World Tribune.com

N. Korea weighs lifting ban on
top security threat: cell phones

SPECIAL TO WORLD TRIBUNE.COM
Friday, December 9, 2005

Sources recently returned from North Korea said the communist authorities are expected to lift the ban on the use of mobile phones early next year.

The reclusive state has banned the use of mobile phones since May 2004 and have confiscated some 20,000 handsets, mostly from government officials and business people.

North Korea's state security agency believed that the deadly train blast in Ryongchon in April 2004 was a botched attempt to harm Kim Jong-Il, and that a mobile phone was used to spark the explosion. It also believed cell phone calls leaked news of the massive explosion.
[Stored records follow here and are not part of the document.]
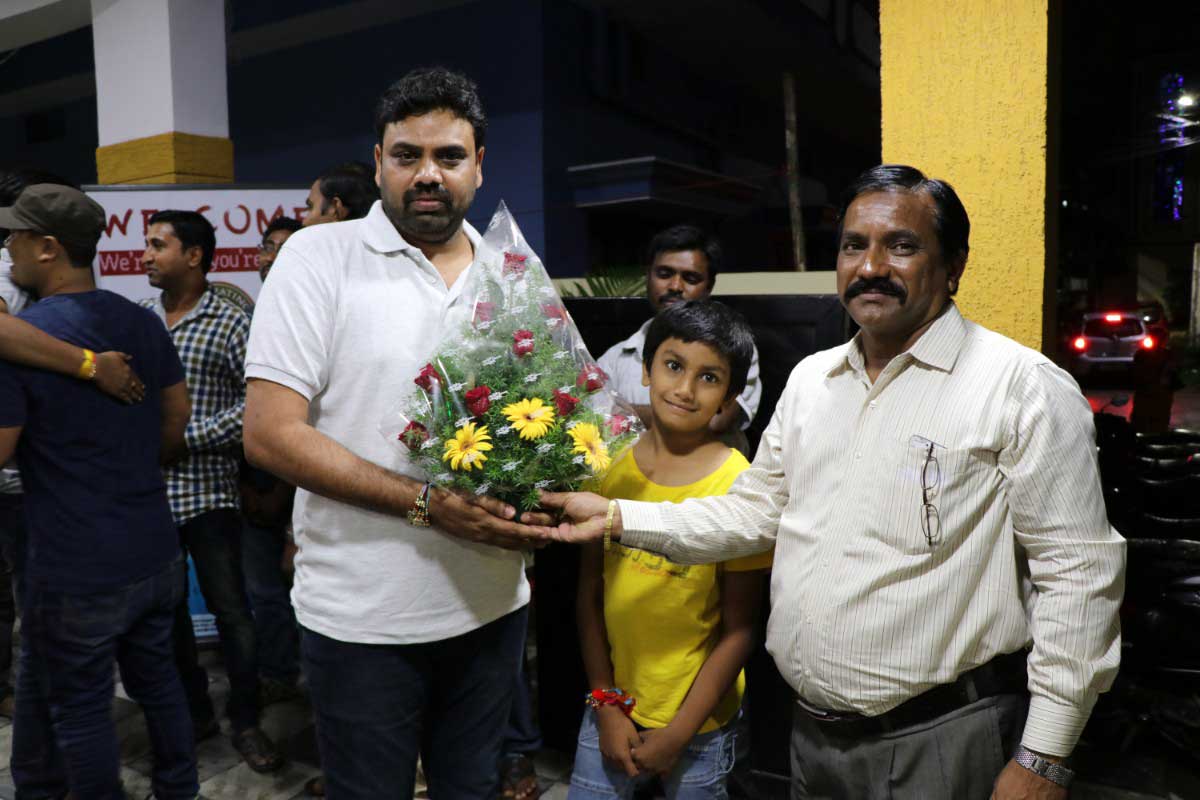 Relocation Celebrations
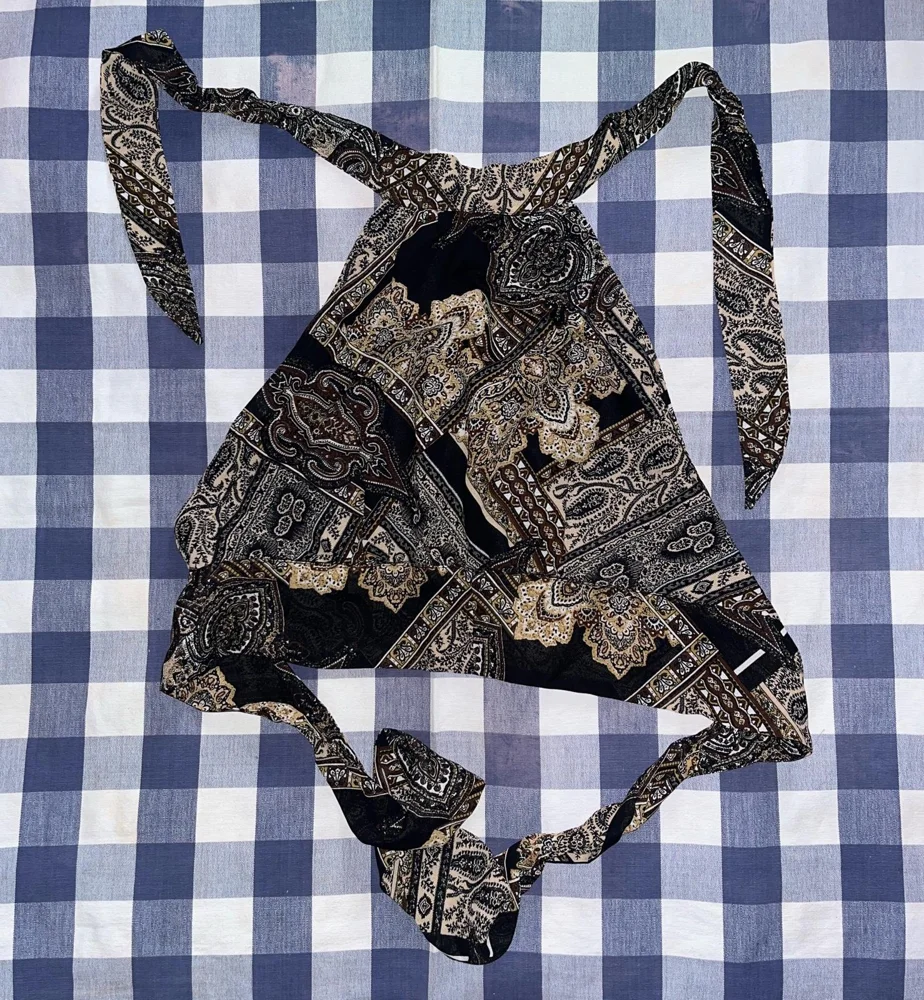 Halter Tops, size S / 36 / 8, photo 3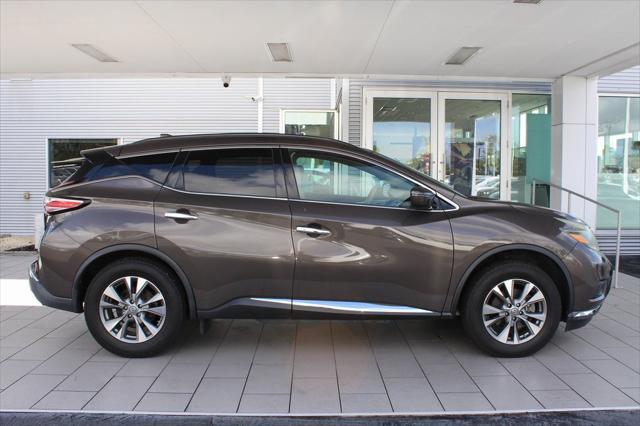 used 2018 Nissan Murano car, priced at $16,995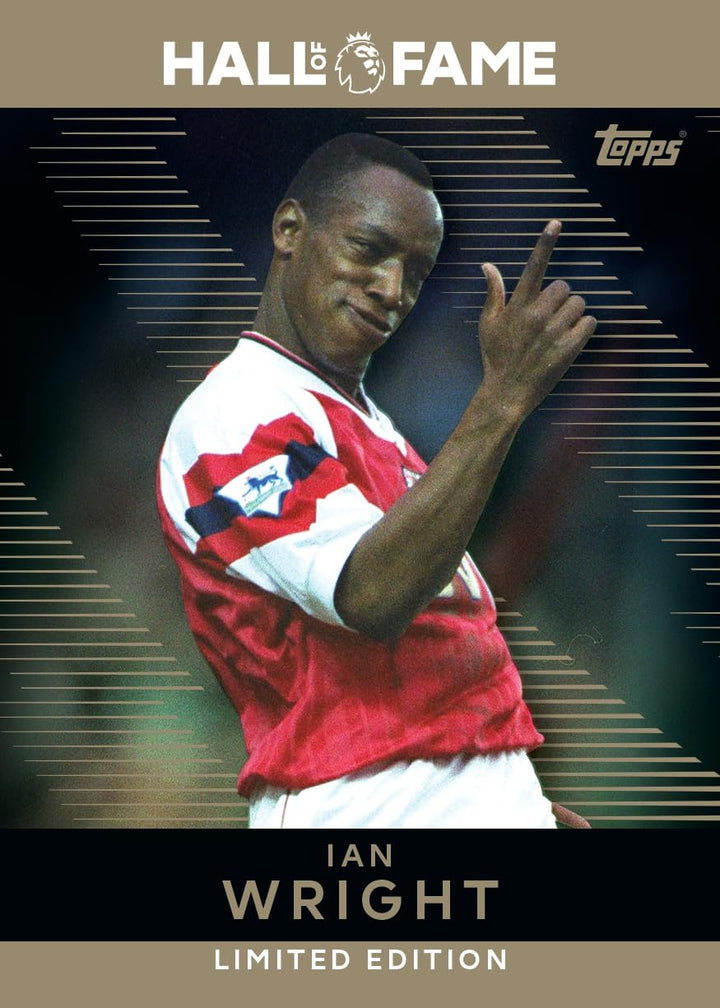 Topps Premier League 2026 - Bumper Box - enthält 50 Topps Premier-League-Karten sowie 2 Exklusive Ha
"North Korea is likely to lift the ban and return the confiscated handsets on the occasion of Kim Jong-Il's birthday on Feb. 16 or his late father Kim Il-Sung's April 15 birthday," said a source who recently returned from a business trip to North Korea.

Thai Foreign Minister Kantathi Suphamongkhon asked North Korean Post and Telecommunications Minister Ryu Yong-Sop last August to revoke a ban on mobile phone use in the country.

During his visit to Pyongyang, the Thai diplomatic chief expressed hope that the ban would lifted by the end of this year, according to diplomatic sources.

Thailand's Loxley Public, through the joint venture, signed a 30-year contract to operate telephone and telecommunication networks in North Korea in 1995. It provides basic phone lines to about 8,000 clients in North Korea's Rajin-Sonbong special economic zone.

North Korean officials and merchants conducting business along the border with China and Russia are also anxious to get their mobile phones back, the source said. Cell phones have become essential to North Korean officials and merchants.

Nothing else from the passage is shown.